▸ **What to produce**:
Print exactly the lines from the one that contains "tomato sticker use" through the last line of the material, both included, and leave out all pictures.

▸ **Data block**:

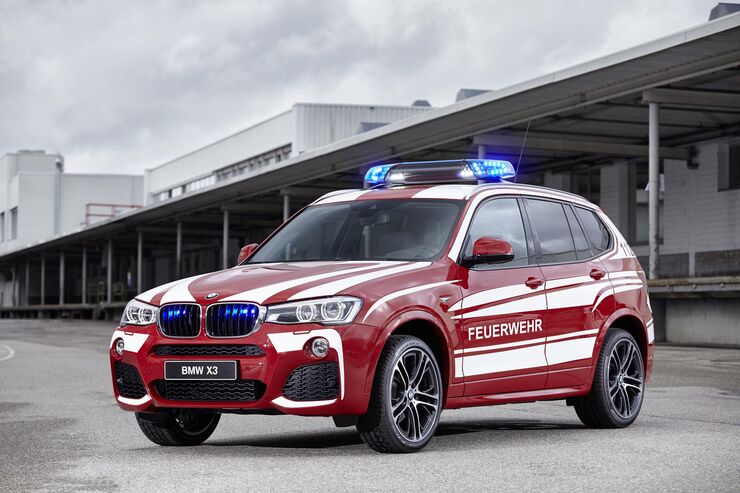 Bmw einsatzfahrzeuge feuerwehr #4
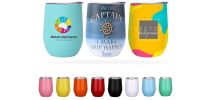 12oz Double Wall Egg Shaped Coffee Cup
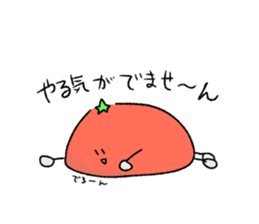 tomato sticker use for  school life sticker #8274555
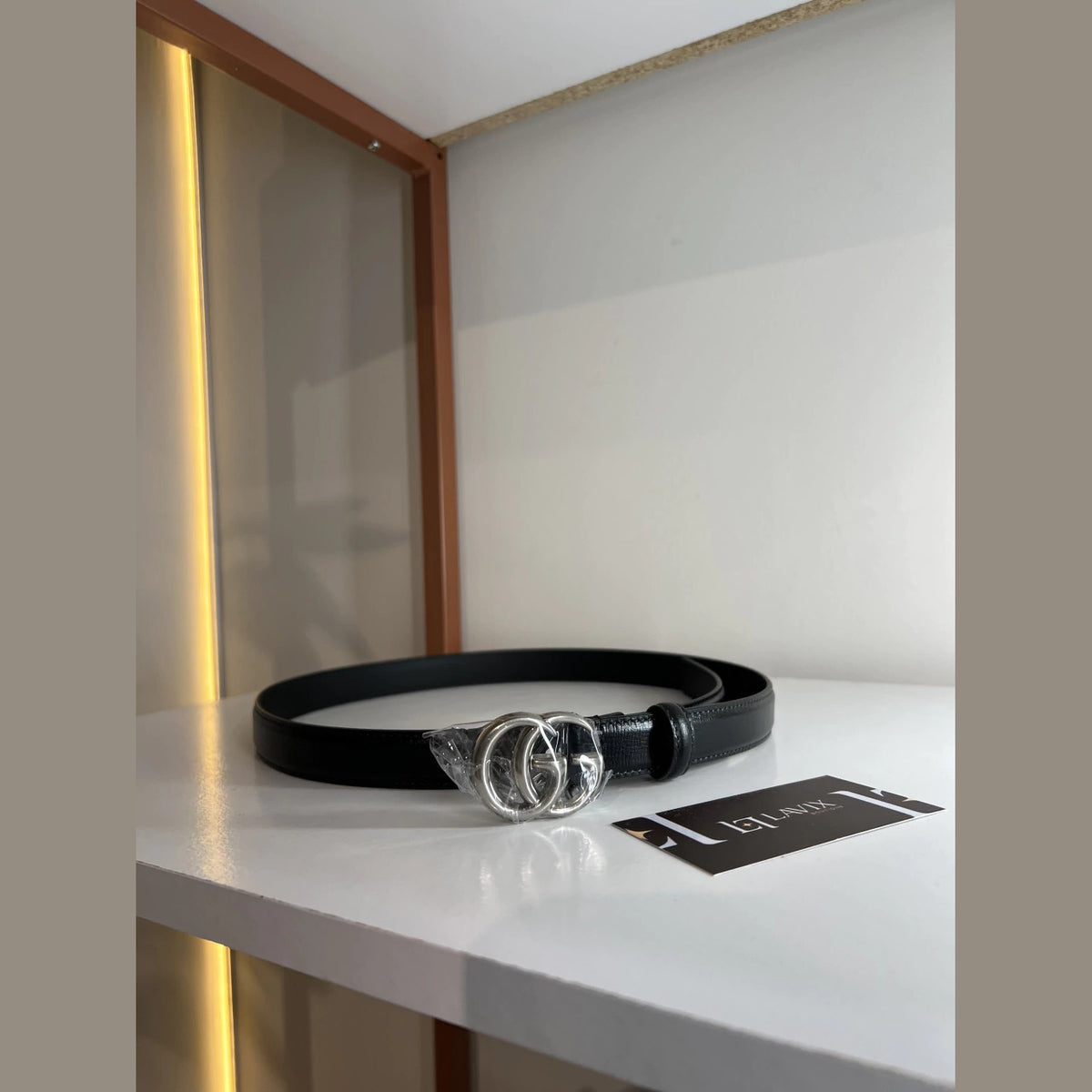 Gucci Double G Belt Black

▸ **Task response**:
 tomato sticker use for  school life sticker #8274555
 Gucci Double G Belt Black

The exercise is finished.